++++ SUPPLIED DATA

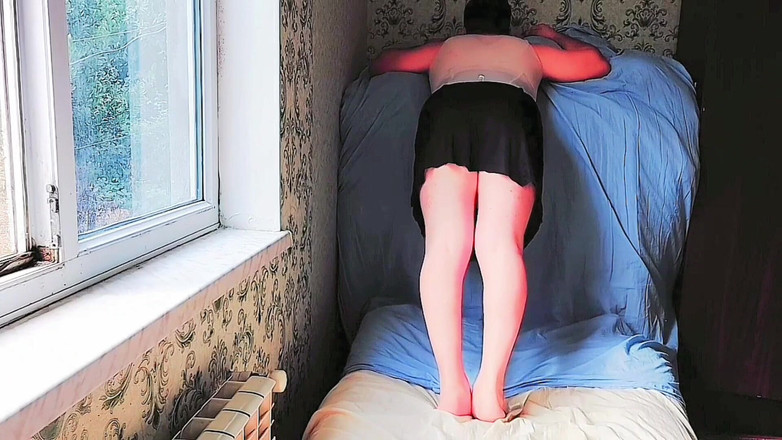 Kitty_Cross: Cewek semok ini lagi asik ngopi sambil pake jubah merah...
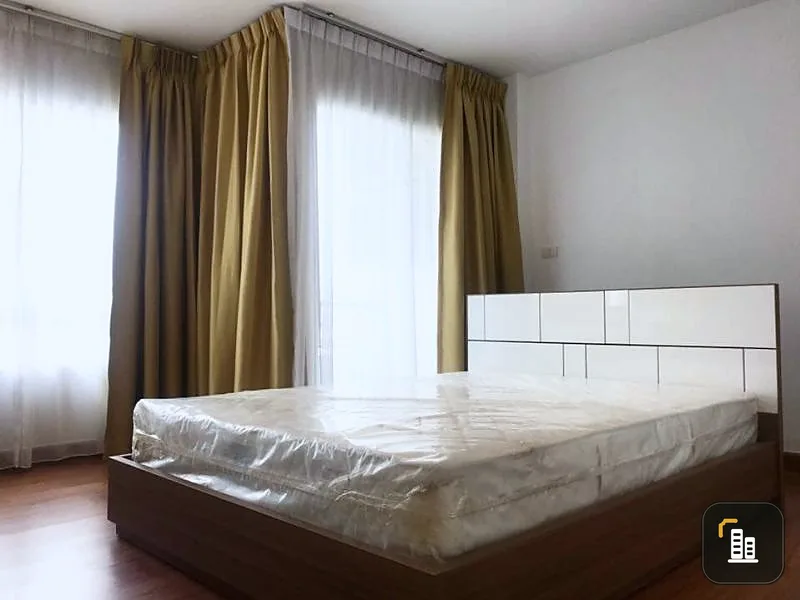 Urgent sale, Surawong City Resort Condo, beautiful floor plan, lots of space, fully furnished, very attractive location, near BTS, do not miss it.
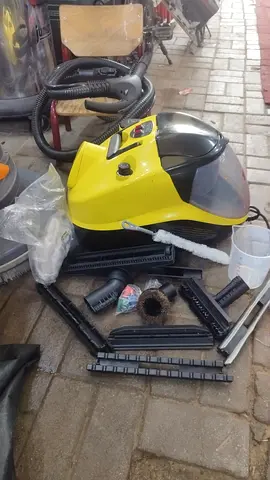 Karcher SC steam cleaner with accessories - good working condition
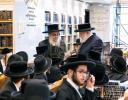 כ"ק אדמו"ר מסאטמאר שליט"א ביי תפלת שחרית און לערנען מיט די קינדער אין מאנטריאל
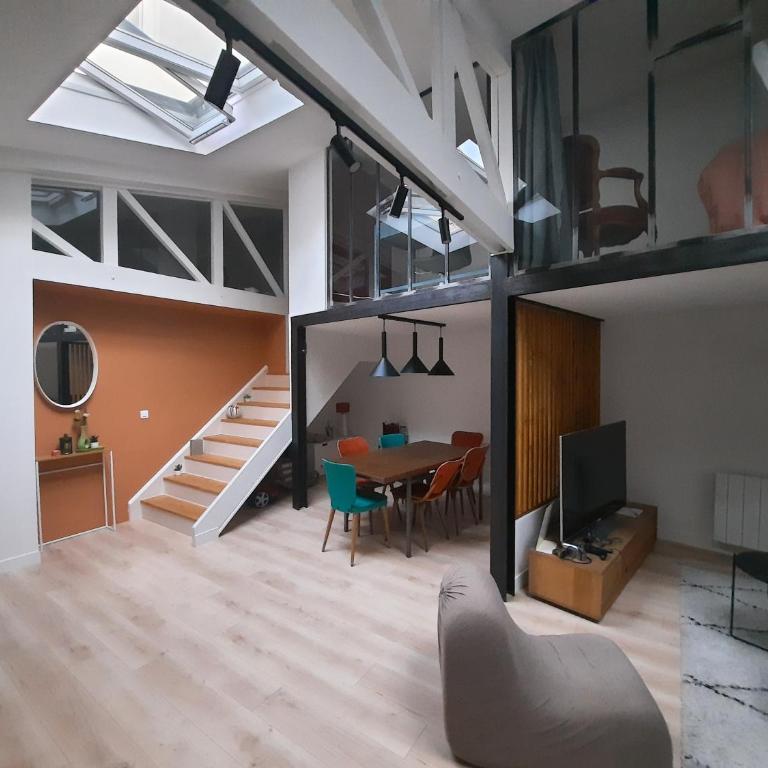 Loft 4-5 personnes à Montmartre - parking privé sur réservation - Loft - 3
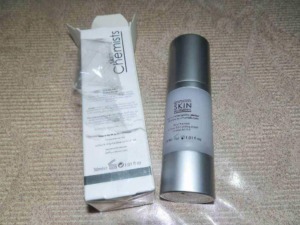 Profumo Skin Chemists, trattamento skin care anti-età in confezione moderna e elegante. Prodotti per la cura della pelle, anti-invecchiamento, idratazione e luminosità naturale.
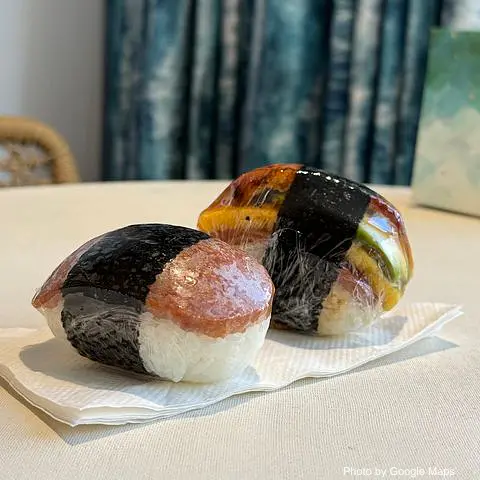 Musubi & Bento IYASUME Waikiki Seaside - Photo 3 of 4 | NateEatsHawaii restaurant gallery and food photos from Oahu, Hawaii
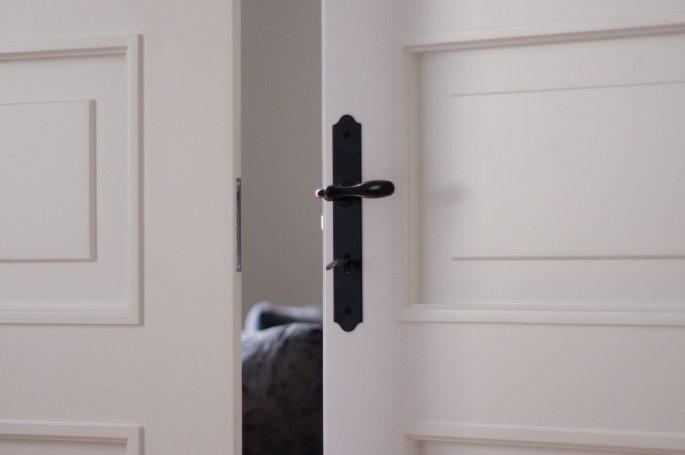 DRZWI KLASIK 03 DWUSKRZYDŁOWE  Z KLAMKĄ MAZOVIA - LAKIER SATYNA BIAŁY RAL 9003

++++++++

ASSIGNED TASK ->
Write out, exactly as they stand, the line with "Karcher SC steam" and every line after it through the end of the entries above; omit the pictures.

OUTPUT ->
 Karcher SC steam cleaner with accessories - good working condition
 כ"ק אדמו"ר מסאטמאר שליט"א ביי תפלת שחרית און לערנען מיט די קינדער אין מאנטריאל
 Loft 4-5 personnes à Montmartre - parking privé sur réservation - Loft - 3
 Profumo Skin Chemists, trattamento skin care anti-età in confezione moderna e elegante. Prodotti per la cura della pelle, anti-invecchiamento, idratazione e luminosità naturale.
 Musubi & Bento IYASUME Waikiki Seaside - Photo 3 of 4 | NateEatsHawaii restaurant gallery and food photos from Oahu, Hawaii
 DRZWI KLASIK 03 DWUSKRZYDŁOWE  Z KLAMKĄ MAZOVIA - LAKIER SATYNA BIAŁY RAL 9003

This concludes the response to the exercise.